Ten alleged members of a Nigerian email scam crime ring have been indicted on federal charges of swindling at least two dozen victims nationwide out of some $1.5 million, the U.S. Attorney for the Central District of California announced yesterday.
Nigerian 419 scams -- the "419" referrers to a section of the Nigerian criminal code -- are a notorious kind of advance-fee fraud where con artists posing as foreign dignitaries send spam emails to victims offering them a huge payoff in return for an upfront payment.The defendants are accused of running an advance-fee scam that targeted mostly elderly victims with false promises of millions of dollars in inheritances in return for advance fees to facilitate the transfer of the bogus bequests.
The ringleader and lead defendant in the case, Claudio Uche Dibe, is a 25-year-old Nigerian. Dibe was extradited from Canada on Feb. 4, where he fled in 2009 after learning of the federal investigation. He was ordered held without bond after pleading not guilty last month.
According to a 2009 indictment, Dibe coordinated the nationwide 419 scheme for several years, which bombarded thousands of potential victims with spam emails supposedly sent by someone with access to a multimillion dollar inheritance in Nigeria.
The emails baited recipients with the opportunity to strike it rich in return for advance payments to cover trumped-up paperwork such as "anti-terrorist certificates," "certificates of insurance" and "drug clearance certificates." In order to convince victims of their legitimacy, the senders of the emails claimed to be attorneys, bankers, diplomats and other government officials.
Dibe and his fellow con artists, the indictment alleges, ensnared their victims by asking only for small amounts of money at first. Once a consumer agreed to wire the scammers anywhere from a few hundred to a few thousand dollars, they were repeatedly asked to send increasingly larger amounts -- sometimes in the tens of thousands of dollars. The 419 scammers eventually fleeced their victims out of more than $1.5 million.
A 2010 indictment that named other members of the ring includes a number of telling emails, including one to Dibe from a member of the ring, complaining that one of their victims, "is insisting that he does not have more money, though I believe he will be able to come up with money ... I believe that ... he will pay big money, which is what we are all after."
That email was sent on January 8, 2006, and the victim, a Michigan resident known as "T.S.," had already wired the gang $1,550 via Western Union on Dec. 20, 2005. On February 9, they persuaded T.S. to wire them an additional $1,500, and the hapless victim wired them another $1,750 on February 21 as well as $1,900 on May 4.
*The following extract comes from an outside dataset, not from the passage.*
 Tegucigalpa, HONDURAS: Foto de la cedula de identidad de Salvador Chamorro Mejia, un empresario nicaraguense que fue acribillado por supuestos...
Another email cited in the indictment refers to a victim from Wisconsin known only as J.C., who Dibe first emailed on March 14, 2006 using the alias "John Brown." A May 13 email from one of the scammers to Dibe assured the ringleader of potentially rich pickings, gloating that J.C.'s "husband is loaded, there is no doubt about that."
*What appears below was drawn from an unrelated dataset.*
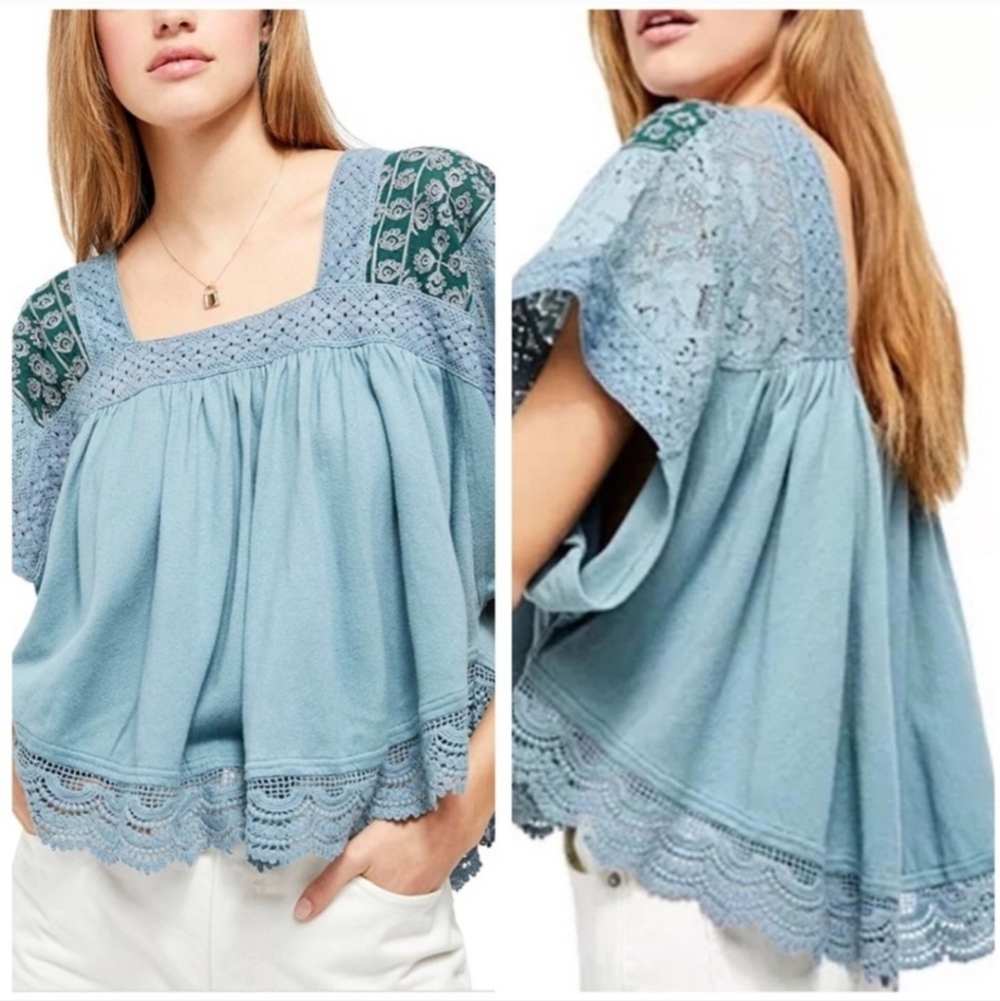 Free People Light Blue Lace-Trim Peasant Blouse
Unfortunately for J.C. and her husband, the scammers' confidence wasn't misplaced. On May 18, J.C, agreed to wire the gang $2,750 via Western Union. On July 18, the swindlers convinced J.C. to send $35,000 via bank transfer to "Andrews and Rogers Properties," a Washington Mutual bank account in New York opened by the gang to funnel large wire transfers.
Seven days later, J.C. was persuaded to wire an additional $24,000 to the bogus business.
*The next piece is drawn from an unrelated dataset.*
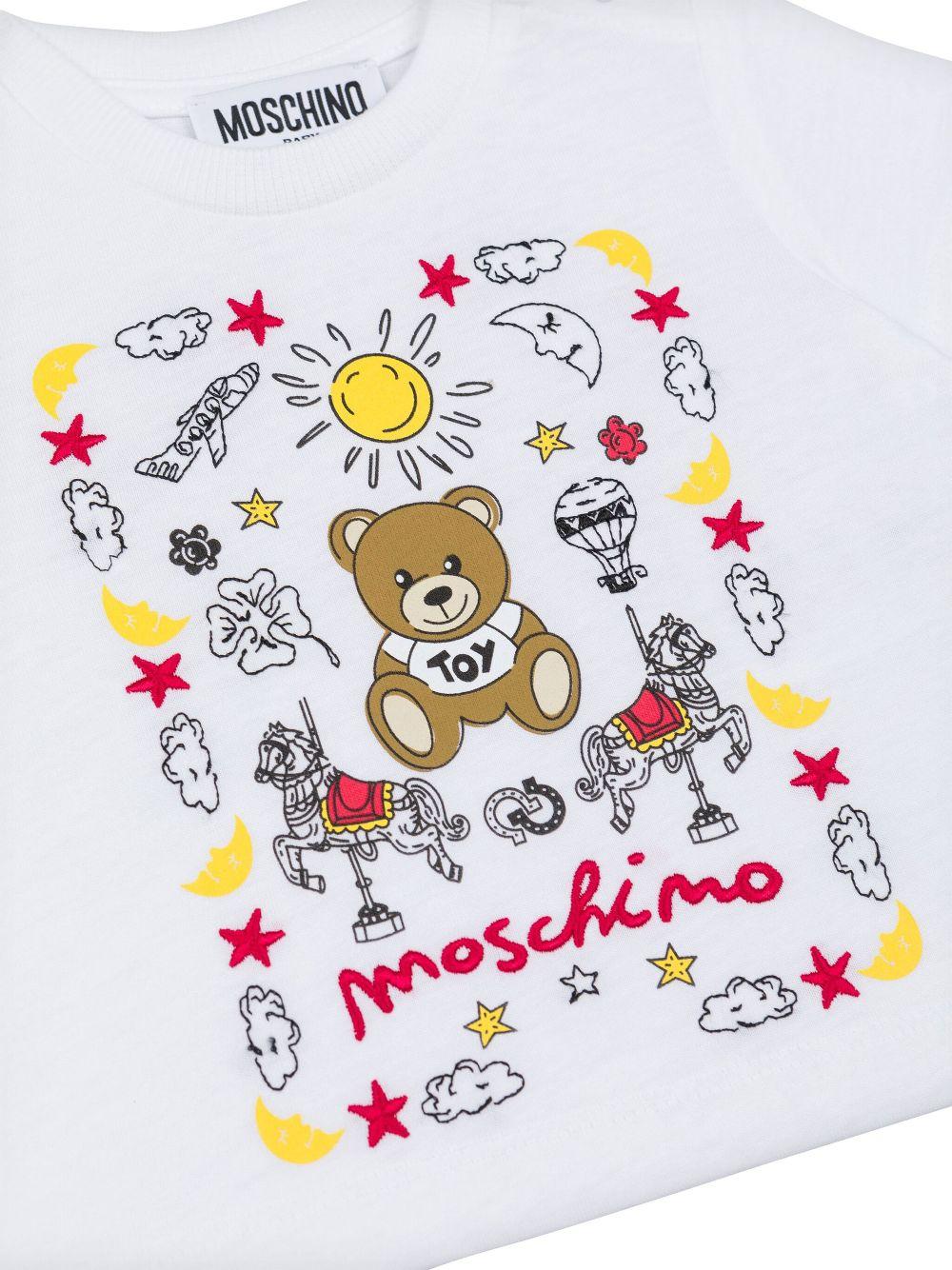 T-shirt con ricamo per neonata Moschino Kids bianco con girocollo MMM047LAA23 10101 MOSCHINO KIDS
Dibe and two others, Bright Amesi and Briceson Loving, were indicted by a federal grand jury in 2009, and arraigned in federal court yesterday, along with Erika Fletcher. Dibe, Amesi and Loving have all been charged with 15 counts of wire fraud, and Fletcher with 10 counts. Seven of the defendants have been arraigned and pleaded not guilty.
The charge of conspiracy to commit wire fraud and each count of wire fraud carries a maximum penalty of 20 years in federal prison.
The investigation into the 419 scam was initiated by the Treasury Inspector General for Tax Administration (TIGTA), after one of the con artists impersonated an IRS agent in order to convince a victim to pay phony taxes.